• _WHAT THE TASK ASKS_:
Only the lines below from the one containing "症例NO.72060のBEFORE写真" through the last line should be set down, exactly as written and with no pictures.

+++++

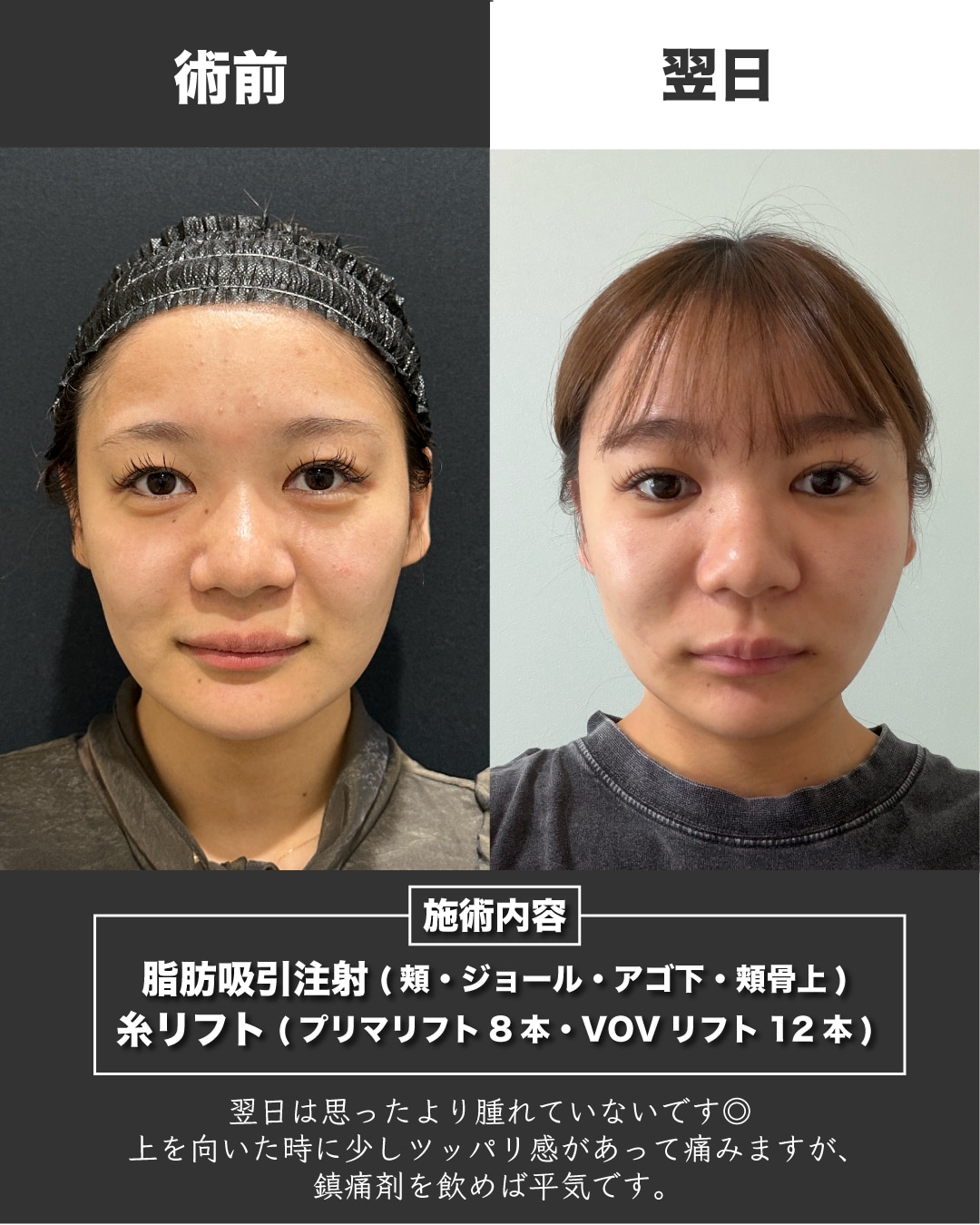 症例写真2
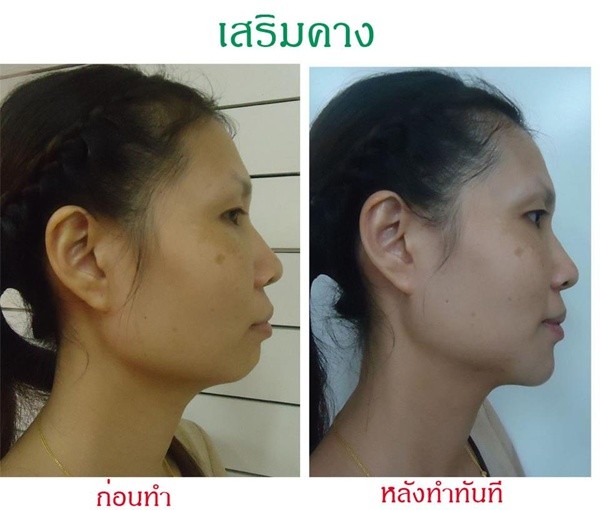 Loạt ảnh trước và sau phẫu thuật thẩm mỹ của những cô gái Thái 7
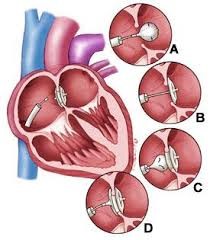 Причины возникновения и особенности лечения дефекта межпредсердной перегородки Причины возникновения и особенности лечения дефекта межпредсердной перегородки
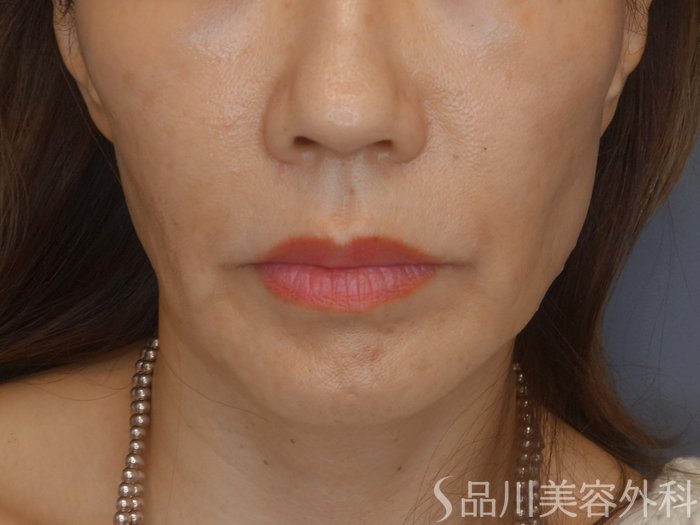 症例NO.72060のBEFORE写真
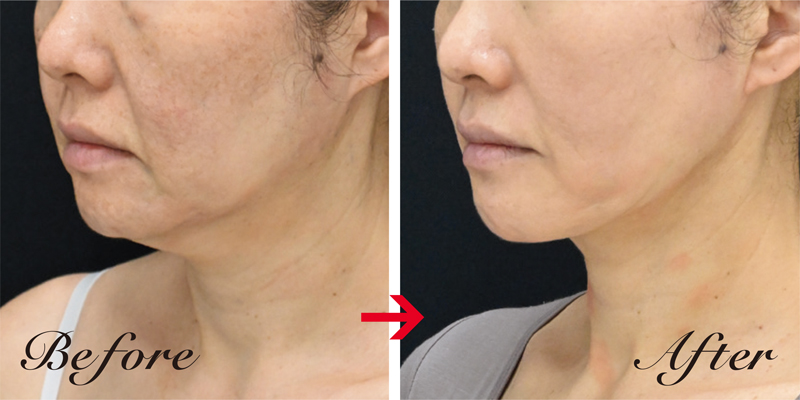 51才女性。頬とあご下を脂肪吸引したことで、たるみによる顔のもたつきが解消されてすっきり。アキーセル脂肪吸引（頬・あご下+エラ下）33万円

+++++

• _RESPONSE BOX_:
 症例NO.72060のBEFORE写真
 51才女性。頬とあご下を脂肪吸引したことで、たるみによる顔のもたつきが解消されてすっきり。アキーセル脂肪吸引（頬・あご下+エラ下）33万円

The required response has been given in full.